Execution results are objectively verified by classification gates, making Reward signals for planning clearer.
Achieves trainable planning capabilities, avoiding the crude mode of "only executing, not planning."
4. Specialized Memory Compression training
Treat context compression as an independent task: upstream models output compressed memories, downstream task execution effects serve as verification standards; the goal is to retain core information without affecting downstream task success rates.
5. Sub-Agent collaborative orchestration training
For ultra-long outputs (code/document scenarios with millions of tokens):
The master Agent does not directly generate content but orchestrates sub-agents, assigning tasks and Prompts.
Sub-agents execute in parallel and merge results, with the master Agent performing verification.
Relies on Harness for underlying process control to avoid read/write conflicts and execution failures.
6. Multi-objective joint reinforcement learning
Modern RL pipelines are significantly extended, requiring simultaneous optimization of six modules:
Tool invocation without hallucinations, accurate classification verification, effective context compression, multi-agent without hindrance, reasonable planning, and credible verification.
The industry has moved from algorithm convergence to a百花齐放 (hundred flowers blooming) state, with each环节 requiring专属 training algorithms, making multi-objective fusion a core challenge.
First, the transformation in talent demand.

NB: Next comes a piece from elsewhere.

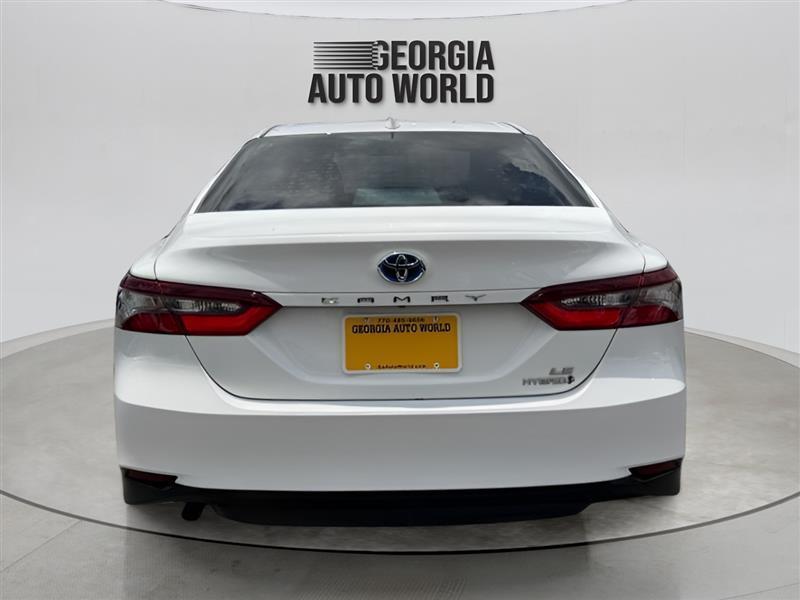 Toyota Camry Hybrid LE 2021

Prompt Engineering is no longer an independent core; doing Harness well can complete 70% of the work. Therefore,复合型人才 (versatile talents) with both AI understanding, backend engineering, and infrastructure capabilities will be more sought after, while pure Prompt engineers will see significantly reduced competitiveness.

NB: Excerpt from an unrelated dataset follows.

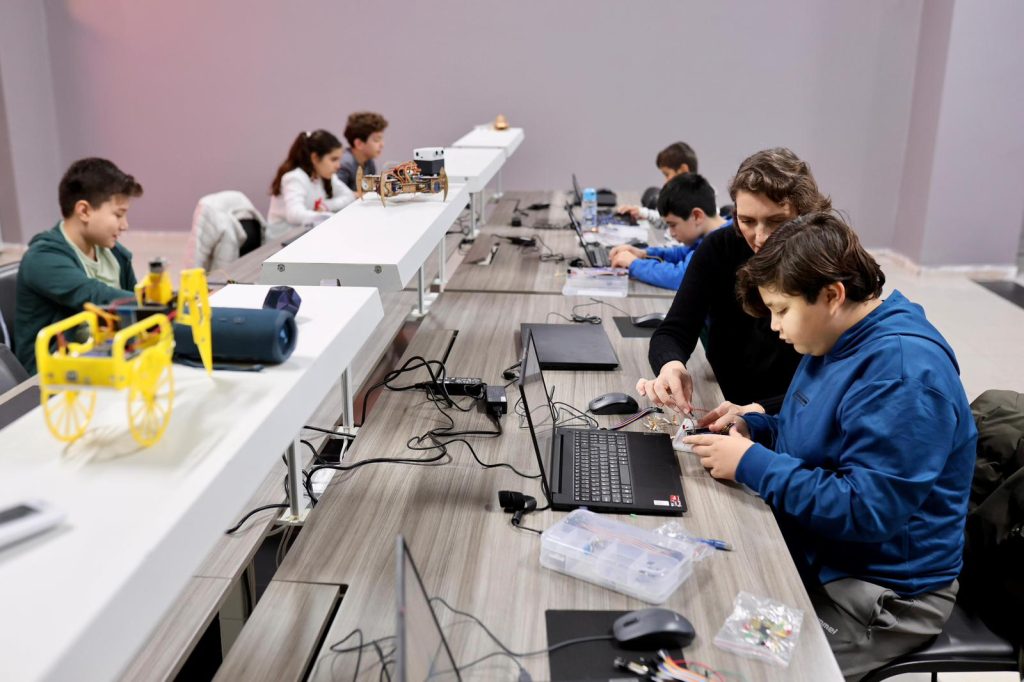 Gemlik’te Çocuklar Robotik Kodlama Öğreniyor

Second, the restructuring of the market landscape. Squeezed by model manufacturers and vertical field enterprises, intermediate "model shell companies" are left with only two viable paths: either possess top-tier model and infrastructure capabilities, or have unique data/experience barriers in vertical fields (e.g., high-frequency trading, industry-specific knowledge).
Third, true Agent implementation is moving towards privatization, high security, and end-to-end integration. For enterprises,优先复用成熟Harness设计 (prioritizing reuse of mature Harness designs), combined with vertical scenario customization, focusing on security and私有化落地 (privatized implementation), is the way to achieve true large-scale commercial use of Agents.
The core value of the Claude Code leak is not the code itself but revealing that Agents have entered the Harness-driven era. Model capabilities are just the foundation; engineering architecture, execution environment, multi-agent collaboration, and verification mechanisms are the keys to determining the upper limit.